Books were as much a passion to Logan as science was. In 1733, he translated the Roman Cicero’s Cato major in 1733, which Franklin then published with his own press in 1744 — yet another collaboration between the Founding Father and his mentor.
While Franklin’s experiments with electricity are part of our nation’s collective consciousness, it is far less known that the Founding Father had consulted Logan about his results before Franklin sent them to England.
Logan came to own over 2,600 books. Towards the end of his life, he chose to leave these volumes for his fellow Philadelphians. In 1754, the Loganian Library was built and entrusted to Logan’s two sons as well as his protégé, Benjamin Franklin.

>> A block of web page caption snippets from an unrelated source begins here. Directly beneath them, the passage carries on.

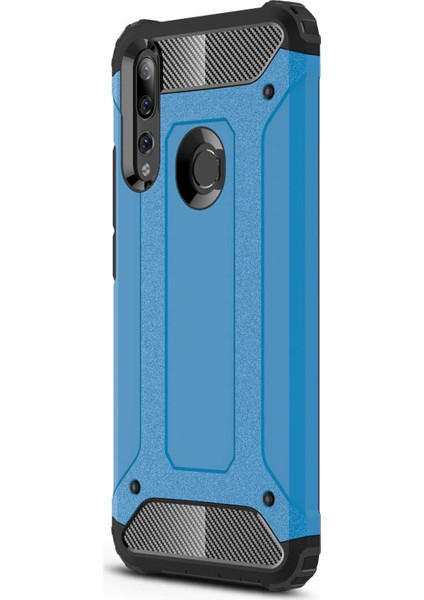 Huawei Y9 Prime 2019 Kılıf Rugged Armor Mavi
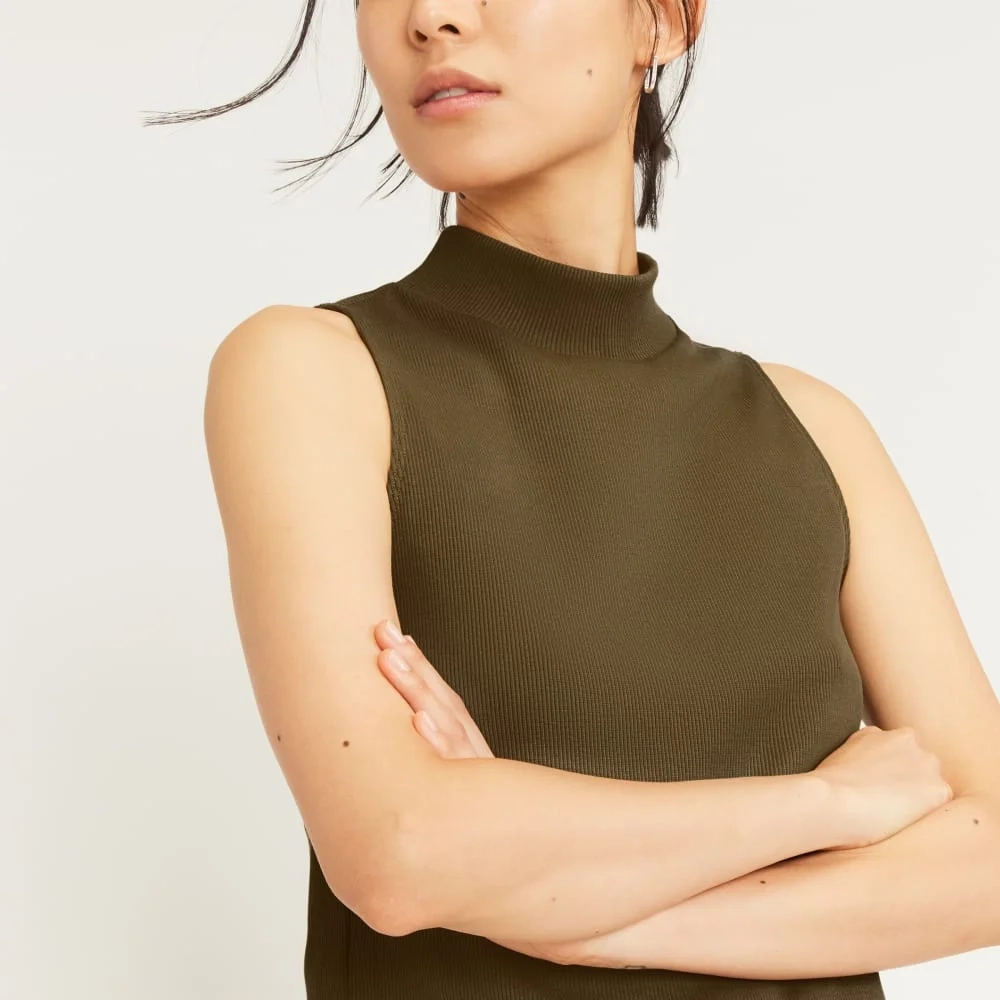The Ribbed Mockneck Tank | Beech (3)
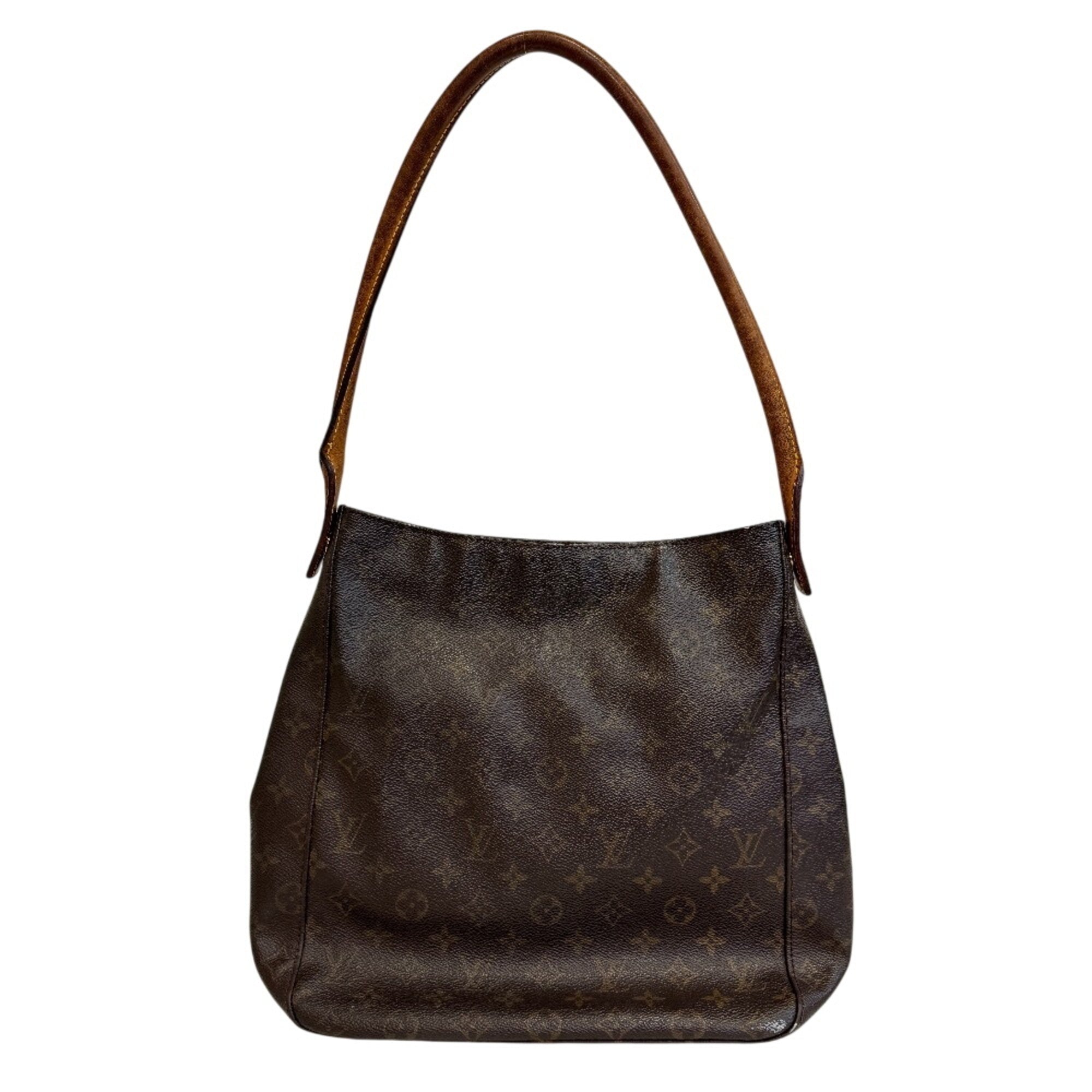 Louis Vuitton Brown Monogram Leather Pvc Handbag (Pre-Owned)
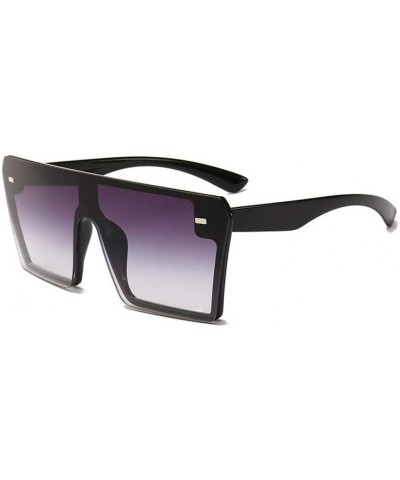 Rimless Oversize Square Sunglasses Women Fashion Flat Top Gradient Sun Glasses Men Rimless Large Frame Oculos - 2 - CK18R306A...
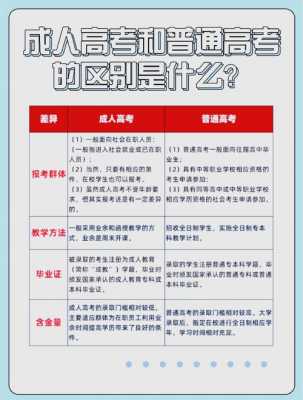 成人高考和普通高考有什么区别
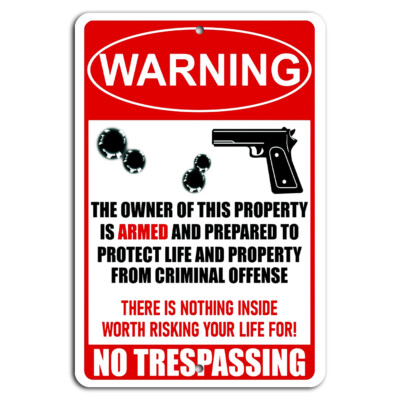 There Is Nothing Inside Worth Risking Your Life For Funny Warning Sign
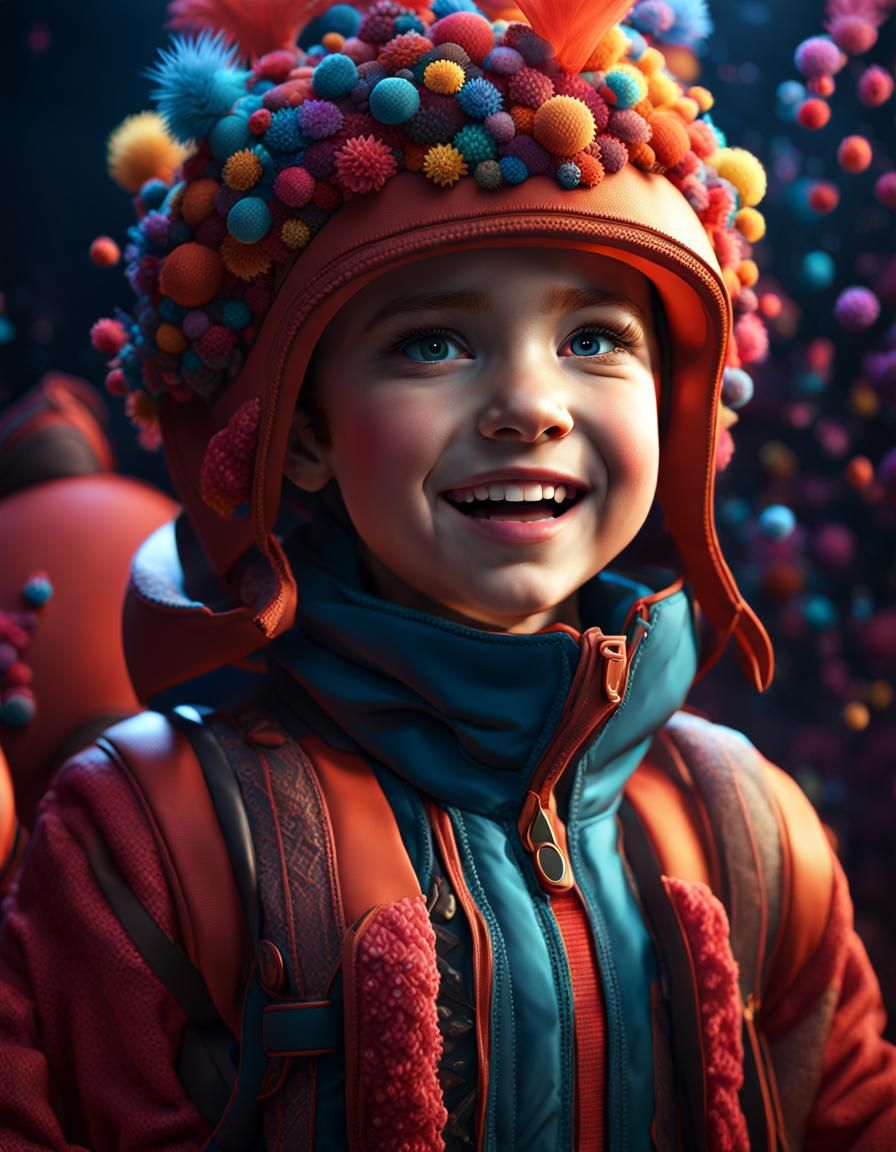 This is blind Poppy's textured outfit for the sensory play room, she loves that it feels different to boring clothes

As Logan wrote to Franklin, his collection included “A good Collection of Mathematical Pieces, as Newton in all three Editions, Wallis, Huygens, Tacquet, Dechales…in all Sizes.” He possessed works of ancient mathematicians, writings in astronomy, and books about natural history. In 1792, long after Logan’s death, his book collection was transferred to the Library Company of Philadelphia, where they can still be found.
On October 31st, 1751, Logan died as “the region’s most influential statesman, its most distinguished scholar and its most respected…citizen.” Stenton is now a historic house museum at 4601 North 18th Street, in the appropriately-named Logan neighborhood of Philadelphia.

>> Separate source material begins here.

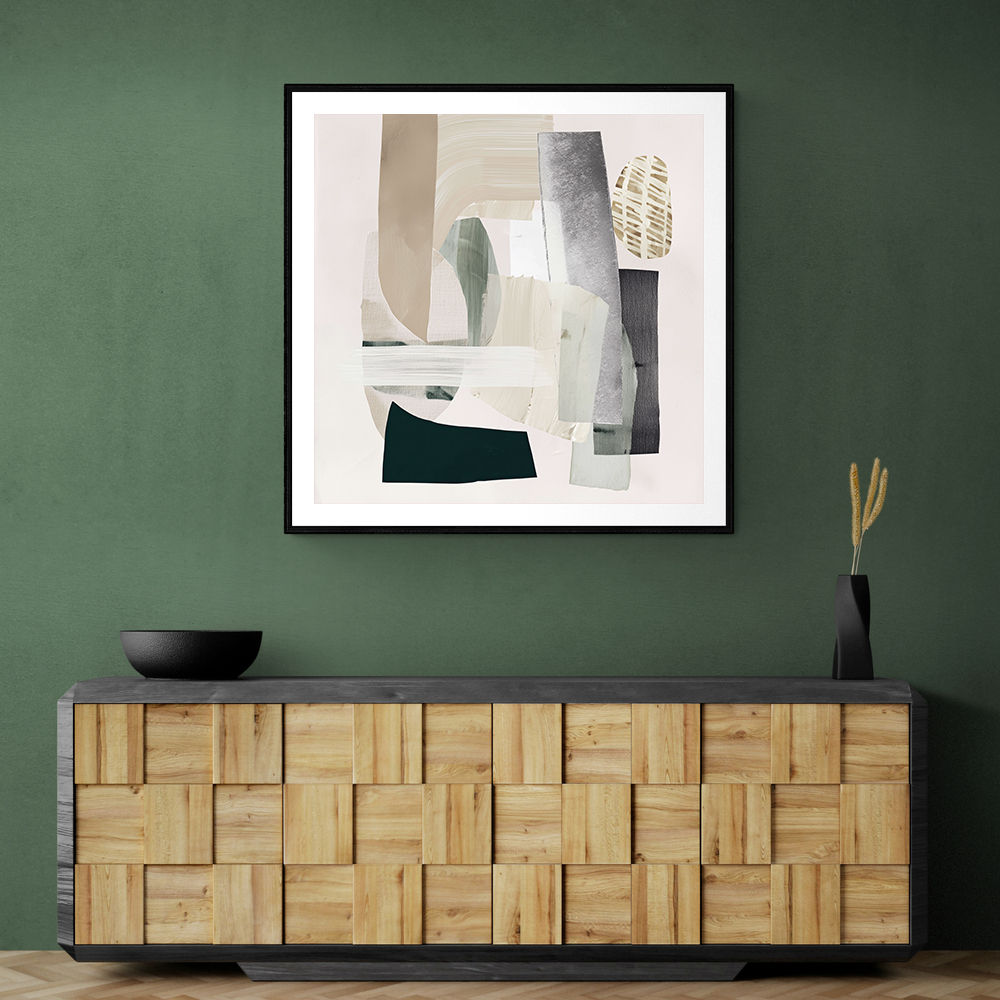 Minimalist Abstract Collage With Overlapping Organic Shapes 2 Minimalist Abstract Collage With Overlapping Organic Shapes 2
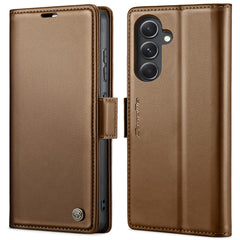 For Samsung Galaxy S23 FE Leather Case CASEME 023 RFID Blocking 3 Card Slot Mobile Cover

From 1699 to 1751, Logan held nearly every honor and responsibility of Philadelphia’s provincial government. He was also an original scientific and philosophical thinker, and he helped to make Philadelphia an Enlightenment hub in the growing worldwide network of scientists. Aside from his impact on Philadelphia’s political and scientific character, perhaps Logan’s greatest contribution to Philadelphia is his protégé, Benjamin Franklin. We may never know just how influential Logan was in Franklin’s development into a historical titan, but it remains plausible that the long-haired man with a smirk would not have taken the life path that he did without James Logan’s mentorship.

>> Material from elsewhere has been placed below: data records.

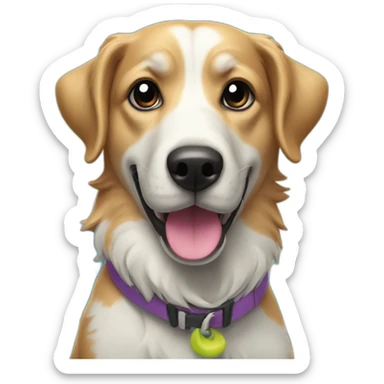 Chien qui fait du surf sticker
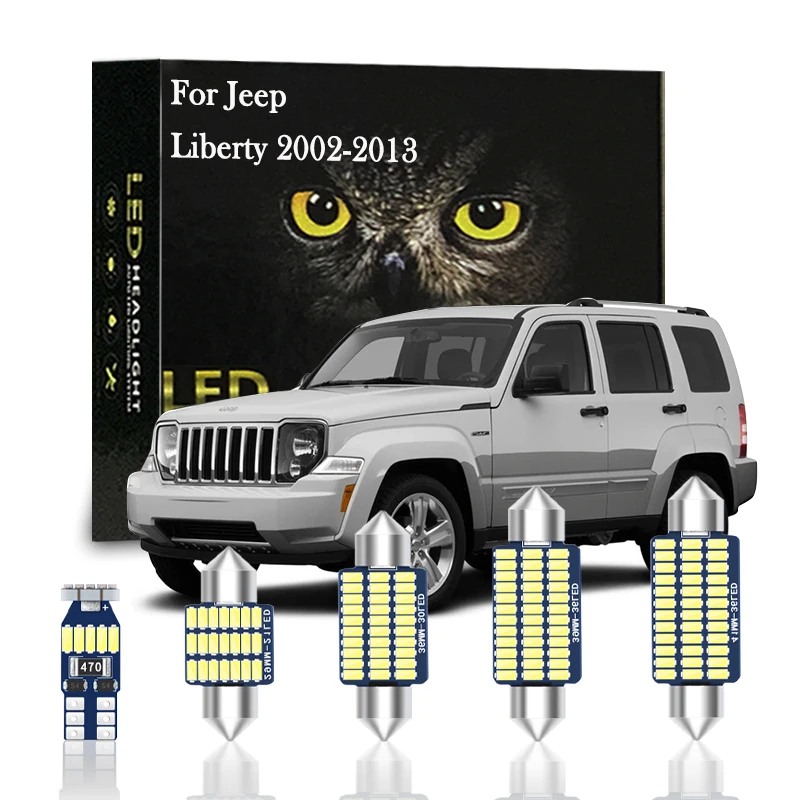 Canbus Interior LED Light Kit For Jeep Liberty KJ KK 2002-2007 2008 2009 2010 2011 2012 2013 Accessories Dome Trunk Lamp
Canbus Interior LED Light Kit For Jeep Liberty KJ KK 2002-2007 2008 2009 2010 2011 2012 2013 Accessories Dome Trunk Lamp
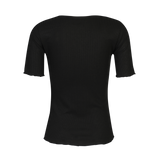 NATALIA SS BLOUSE - BLACK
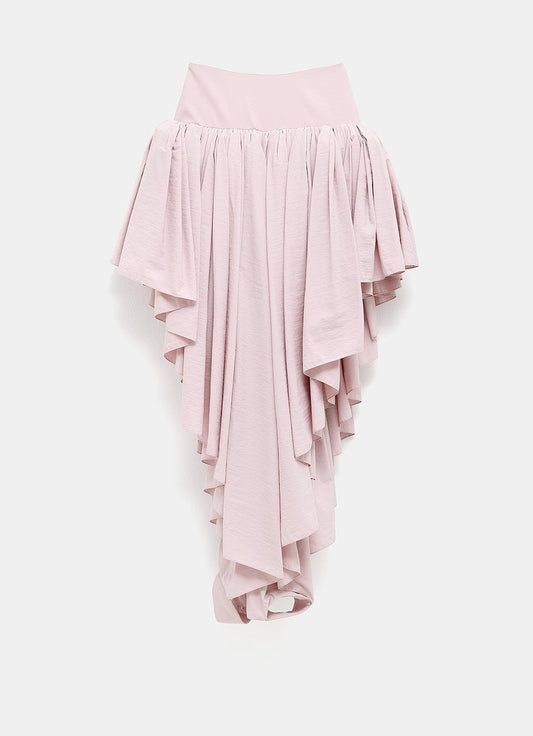 Falda con pantalón y volantes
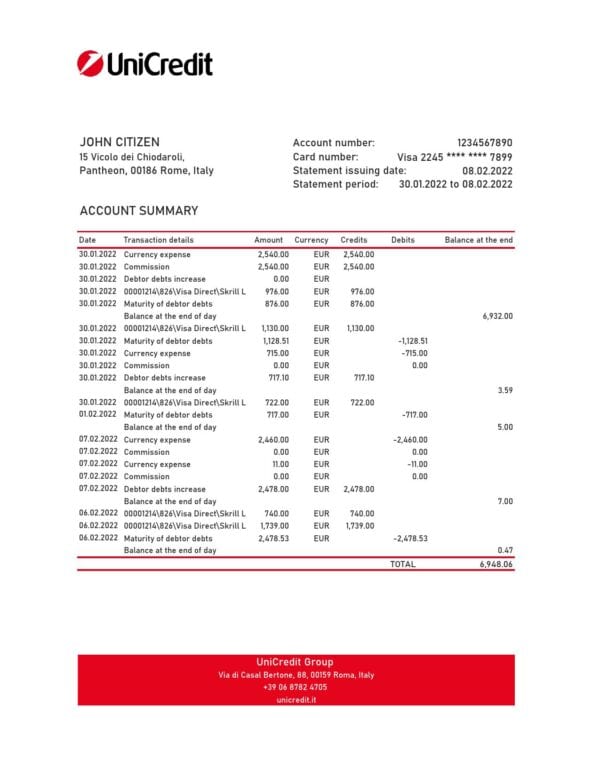 Italy-Unicredit-bank-statement_000001-1.jpg Italy Unicredit Bank Statement Excel and PDF Template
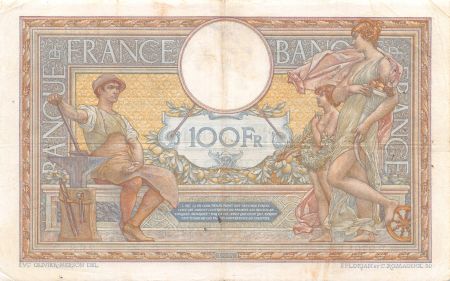France 100 Francs Luc Olivier Merson - sans LOM - 26-04-1915 Série F.2791 - TTB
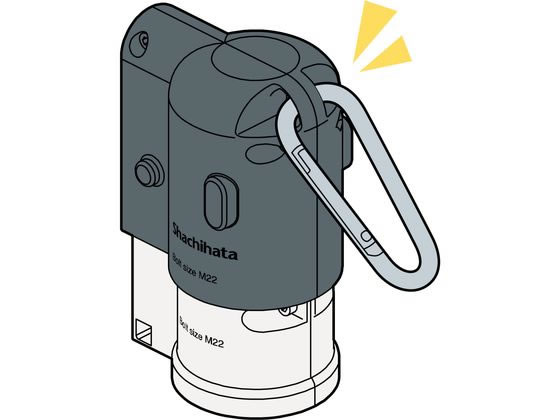 シャチハタ ボルトラインN M22用本体 XBL-M22N 通販【フォレストウェイ】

James Logan has received very little biographical work by historians. Irma Jane Cooper’s volume, The Life and Public Services of James Logan (1921) is a meager account, and Frederick B. Tolles’ James Logan and the Culture of Provincial America (1957) corrects for some of Cooper’s inaccuracies. Still, it is something of a mystery as to why Benjamin Franklin’s mentor is not a household name in Philadelphia. But his ideas and passion for books live on at 1314 Locust Street, in the halls of the Library Company of Philadelphia.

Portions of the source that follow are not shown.